As a Penetration Testing Intern, under supervision, you will identify problems and vulnerabilities through application of engineering to dynamically penetrate software, hardware or human systems. You will work on efforts that results in security bug discovery, exploitation and suggested security controls and mitigations in response to security flaws. These efforts will include building innovative software to identify the problems and you will have oppurtunity to learn new technologies, tools , methods. You will develop and implement pen testing strategies and apply your expertise to engineer solutions. You will help influence mitigations for current and future products and solutions.
At Microsoft, Interns work on real-world projects in collaboration with teams across the world, while having fun along the way. You’ll be empowered to build community, explore your passions and achieve your goals.

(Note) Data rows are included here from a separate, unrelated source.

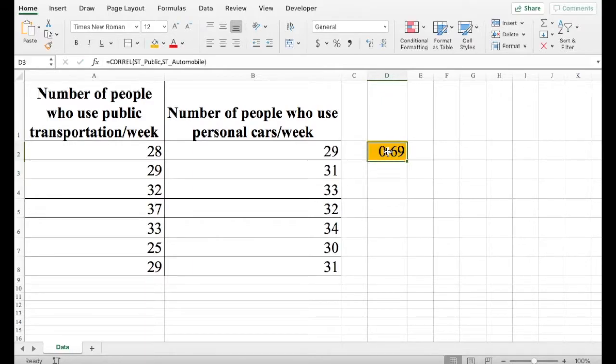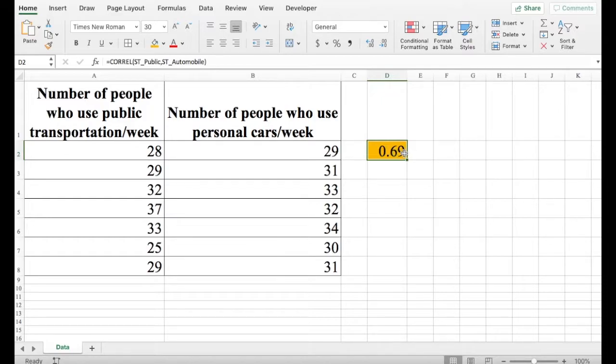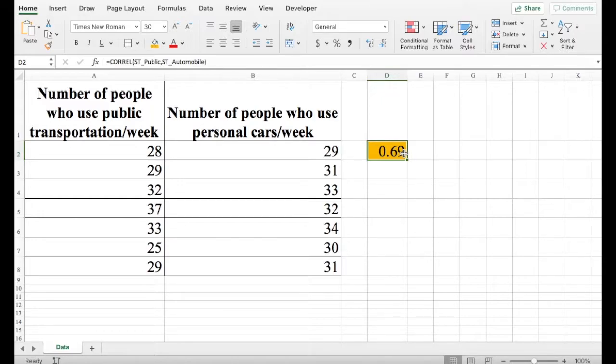So this value of 0.69 tells me that they have a moderate-positive relationship. If this was close to 1, then you can say that this has a very strong positive relationship. But since this is a little bit above 0.50, I would say it's moderately positive, but not very strong.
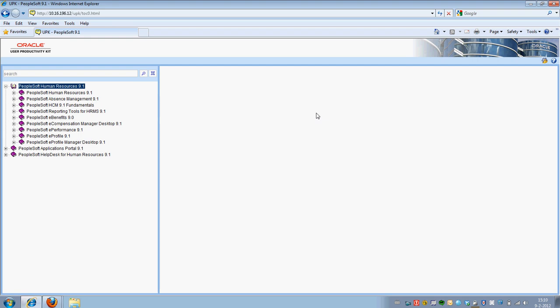When as an end user you open the UPK player package, the UPK overview page will open. On this overview screen you will be able to view the outline of the UPK player on the left with the corresponding modules, lessons and topics made available by the UPK developer. On the right side you will find the introduction text. This introduction text is currently empty but will show information about a topic as soon as you select one.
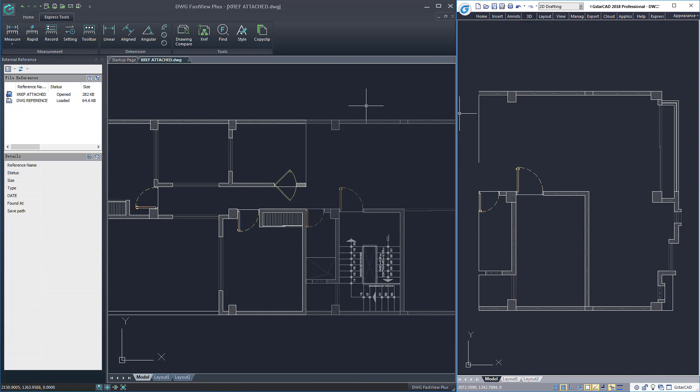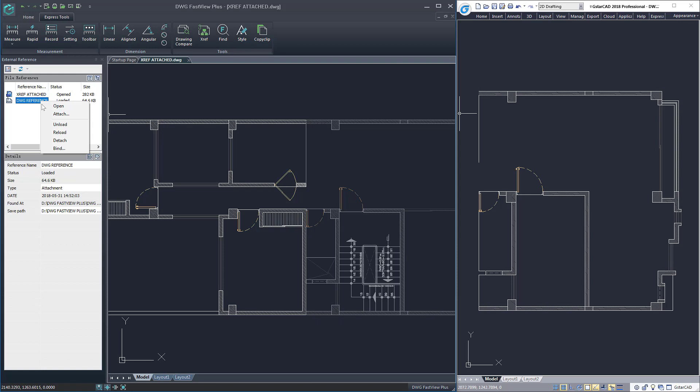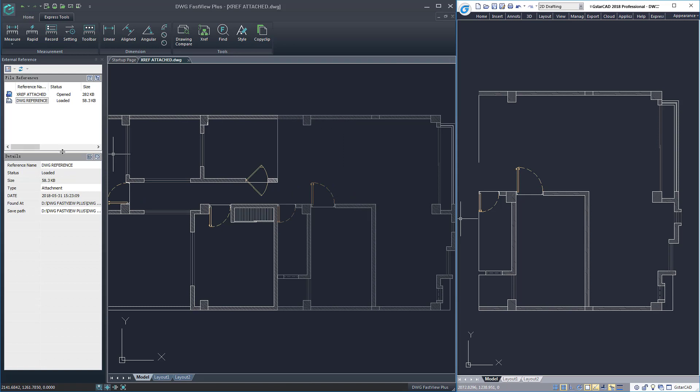Then, in the X-reference palette, if you right click the X-reference, you can choose from a series of options. In this case, let's try the reload option, so the X-reference geometry will be updated automatically.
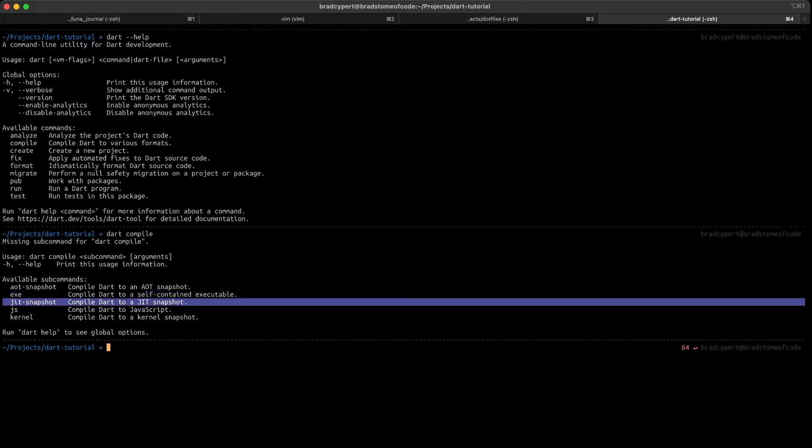A JIT snapshot, or a just-in-time snapshot, includes all the parsed classes and compiled code that's generated during a training run of a program. When you run a JIT snapshot, the Dart VM doesn't need to parse or compile classes and functions that were already used during the training run, so the VM can start running user code faster.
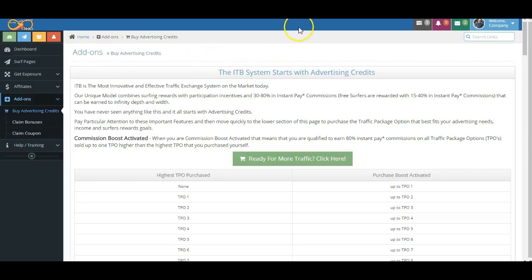Hello, and welcome to another short video explanation and review for the various features and benefits and functionality of the Infinity Traffic Boost Advertising and Income System. What we're going to talk about here today, folks, on this particular page is the Commission Boost Activation.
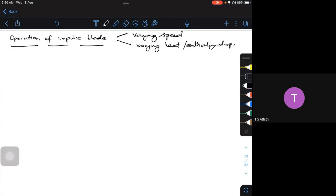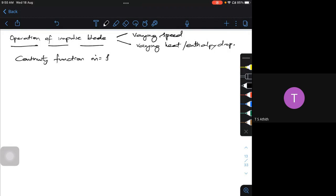Before understanding this, let's start with the continuity equation. The continuity equation is given by m-dot equals rho1 A1 V1, and it should be the same as rho2 A2 V2. We call that equation number 1.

This is your chance to bring your solutions and ideas to life while working on cutting-edge technology.
Microsoft’s mission is to empower every person and every organization on the planet to achieve more. As employees we come together with a growth mindset, innovate to empower others, and collaborate to realize our shared goals. Each day we build on our values of respect, integrity, and accountability to create a culture of inclusion where everyone can thrive at work and beyond.
Qualifications
Required Qualifications
• Currently pursuing a Bachelor’s Degree in Statistics, Mathematics, Computer Science or related field
• Must have at least one additional quarter/semester of school remaining following the completion of the internship
Preferred Qualifications
• Currently pursuing a Master’s Degree in Statistics, Mathematics, Computer Science or related field
• CISSP, CISA, CISM, SANS, GCIA, GCIH, OSCP, and/or Security+ certification
Responsibilities
• Identifies security vulnerabilities within specialty/area or responsibility.
• Able to come up to speed on new targets with the help of others.
• Apply engineering principles to solve complex problems through sound and creative engineering.
• Leverages known information channels to gain context.
• Corroborates guidance against real world observations, determines and understands scope of potential impact and identifies variance or instances of known issues.